The start ^ and $ anchor tags are not supported at this time, although regex filters can be combined with the ^= starts with and $= ends with comparison operators:

FIND User WITH name ^= /john/i
FIND User WITH name $= /smith/i

Alternation

Regular expression | alternation is not supported, although multiple regex filters can be applied to the same field using the J1QL AND and OR syntax:

FIND User WITH (name = /john/i OR name = /smith/i)

Other Unsupported Features

Regex has many features, some additional not currently supported features:

  • Lookarounds
  • Atomic Groups
  • Possessive Quantifiers

Named capture groups

Named capture groups are only supported in RETURN statements and only supported by invoking the REGEX function.
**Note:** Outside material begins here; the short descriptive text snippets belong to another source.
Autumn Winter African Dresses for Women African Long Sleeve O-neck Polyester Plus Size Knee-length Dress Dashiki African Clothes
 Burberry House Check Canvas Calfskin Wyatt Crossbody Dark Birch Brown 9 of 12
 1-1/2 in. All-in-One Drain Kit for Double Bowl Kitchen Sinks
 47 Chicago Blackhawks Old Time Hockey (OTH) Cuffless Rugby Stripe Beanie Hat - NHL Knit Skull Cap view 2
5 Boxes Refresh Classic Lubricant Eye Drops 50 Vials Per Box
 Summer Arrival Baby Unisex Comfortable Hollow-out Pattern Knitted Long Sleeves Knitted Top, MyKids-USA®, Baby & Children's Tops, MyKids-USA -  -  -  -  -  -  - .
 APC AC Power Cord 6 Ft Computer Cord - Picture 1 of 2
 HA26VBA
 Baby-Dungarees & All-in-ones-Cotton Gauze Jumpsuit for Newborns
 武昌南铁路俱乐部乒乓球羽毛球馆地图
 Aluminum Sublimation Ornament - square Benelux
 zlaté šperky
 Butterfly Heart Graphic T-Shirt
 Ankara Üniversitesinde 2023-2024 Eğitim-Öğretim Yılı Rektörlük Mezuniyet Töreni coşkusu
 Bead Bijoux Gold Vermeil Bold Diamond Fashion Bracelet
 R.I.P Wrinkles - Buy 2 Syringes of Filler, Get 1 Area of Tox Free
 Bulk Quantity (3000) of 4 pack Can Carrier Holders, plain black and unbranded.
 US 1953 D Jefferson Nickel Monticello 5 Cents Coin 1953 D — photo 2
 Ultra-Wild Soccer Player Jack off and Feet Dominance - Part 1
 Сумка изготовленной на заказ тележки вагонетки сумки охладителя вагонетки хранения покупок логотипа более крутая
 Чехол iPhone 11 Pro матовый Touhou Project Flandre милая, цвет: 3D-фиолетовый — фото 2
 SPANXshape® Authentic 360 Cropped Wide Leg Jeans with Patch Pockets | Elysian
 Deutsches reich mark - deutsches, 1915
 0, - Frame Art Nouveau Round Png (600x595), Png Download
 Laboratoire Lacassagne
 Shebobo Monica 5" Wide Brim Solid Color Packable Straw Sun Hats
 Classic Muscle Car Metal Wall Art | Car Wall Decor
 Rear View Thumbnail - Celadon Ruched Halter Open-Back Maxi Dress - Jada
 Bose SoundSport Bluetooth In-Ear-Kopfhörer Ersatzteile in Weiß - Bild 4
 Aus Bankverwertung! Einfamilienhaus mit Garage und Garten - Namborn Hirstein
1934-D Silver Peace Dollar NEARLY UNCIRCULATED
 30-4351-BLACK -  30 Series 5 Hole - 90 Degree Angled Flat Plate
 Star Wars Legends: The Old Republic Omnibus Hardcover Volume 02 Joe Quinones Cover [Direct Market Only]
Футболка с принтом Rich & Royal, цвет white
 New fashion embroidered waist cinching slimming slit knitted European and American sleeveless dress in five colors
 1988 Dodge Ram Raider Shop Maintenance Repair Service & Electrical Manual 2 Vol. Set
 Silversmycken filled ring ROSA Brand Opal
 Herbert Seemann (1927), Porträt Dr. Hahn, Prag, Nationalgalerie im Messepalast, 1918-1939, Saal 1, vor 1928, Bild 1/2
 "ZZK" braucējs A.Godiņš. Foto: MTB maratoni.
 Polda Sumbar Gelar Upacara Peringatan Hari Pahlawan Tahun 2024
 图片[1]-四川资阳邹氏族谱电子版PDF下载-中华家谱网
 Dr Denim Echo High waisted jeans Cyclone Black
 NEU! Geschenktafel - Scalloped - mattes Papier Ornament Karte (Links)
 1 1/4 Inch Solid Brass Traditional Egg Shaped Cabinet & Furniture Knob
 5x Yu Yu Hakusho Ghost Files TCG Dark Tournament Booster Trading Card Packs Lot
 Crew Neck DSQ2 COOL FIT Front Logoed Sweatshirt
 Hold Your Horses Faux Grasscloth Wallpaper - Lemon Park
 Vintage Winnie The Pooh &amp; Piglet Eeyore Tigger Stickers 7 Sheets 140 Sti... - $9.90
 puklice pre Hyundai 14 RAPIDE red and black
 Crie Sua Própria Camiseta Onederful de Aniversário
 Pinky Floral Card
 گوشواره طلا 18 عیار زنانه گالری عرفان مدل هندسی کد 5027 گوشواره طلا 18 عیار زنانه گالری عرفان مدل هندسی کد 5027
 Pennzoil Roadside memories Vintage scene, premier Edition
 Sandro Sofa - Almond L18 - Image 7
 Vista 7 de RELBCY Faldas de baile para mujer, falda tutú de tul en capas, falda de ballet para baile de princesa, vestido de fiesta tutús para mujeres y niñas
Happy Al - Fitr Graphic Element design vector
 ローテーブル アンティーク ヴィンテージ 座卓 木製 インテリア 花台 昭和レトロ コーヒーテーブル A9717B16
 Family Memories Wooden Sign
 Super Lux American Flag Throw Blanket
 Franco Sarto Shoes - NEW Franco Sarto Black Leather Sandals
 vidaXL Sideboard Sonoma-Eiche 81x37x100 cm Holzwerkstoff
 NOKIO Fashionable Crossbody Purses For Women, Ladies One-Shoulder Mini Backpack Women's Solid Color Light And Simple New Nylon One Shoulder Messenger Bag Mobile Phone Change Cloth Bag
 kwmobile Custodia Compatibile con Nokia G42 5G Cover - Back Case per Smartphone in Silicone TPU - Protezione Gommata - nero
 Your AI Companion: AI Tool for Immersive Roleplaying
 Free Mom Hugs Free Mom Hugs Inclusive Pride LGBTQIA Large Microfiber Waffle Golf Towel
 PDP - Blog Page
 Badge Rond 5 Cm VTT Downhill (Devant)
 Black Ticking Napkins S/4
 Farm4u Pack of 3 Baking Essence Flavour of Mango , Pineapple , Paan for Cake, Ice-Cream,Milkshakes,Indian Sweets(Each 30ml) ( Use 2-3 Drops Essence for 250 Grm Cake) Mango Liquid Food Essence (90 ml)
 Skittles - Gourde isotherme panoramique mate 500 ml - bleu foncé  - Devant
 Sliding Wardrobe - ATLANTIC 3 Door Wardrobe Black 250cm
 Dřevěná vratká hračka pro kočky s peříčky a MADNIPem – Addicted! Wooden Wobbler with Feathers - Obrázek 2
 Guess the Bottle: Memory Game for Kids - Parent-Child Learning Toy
The REGEX function takes two parameters:

  1. The property to search
  2. The regex to search with

REGEX requires that the regex argument has a named capture group. Anything else will fail to parse.

Capture group names

Capture group names must only be made up of letters. Anything else will fail to parse.

Return values

By default, the REGEX function will return the matched group as its own column, with the capture group name as the column name. The entirety of the match will not be included unless the REGEX function itself is aliased.

In practice, that means that

FIND User as u RETURN REGEX(u.username, '(?<firstLetter>\w).*')

will return a single column firstLetter that contains the first letter of the match. The rest of the match is discarded.

FIND User as u RETURN REGEX(u.username, '(?<firstLetter>\w).*(?<lastLetter>\w)') as username

returns three columns, firstLetter which contains the first letter of the match, lastLetter which contains the last letter of the match, and username which contains the entirety of the match.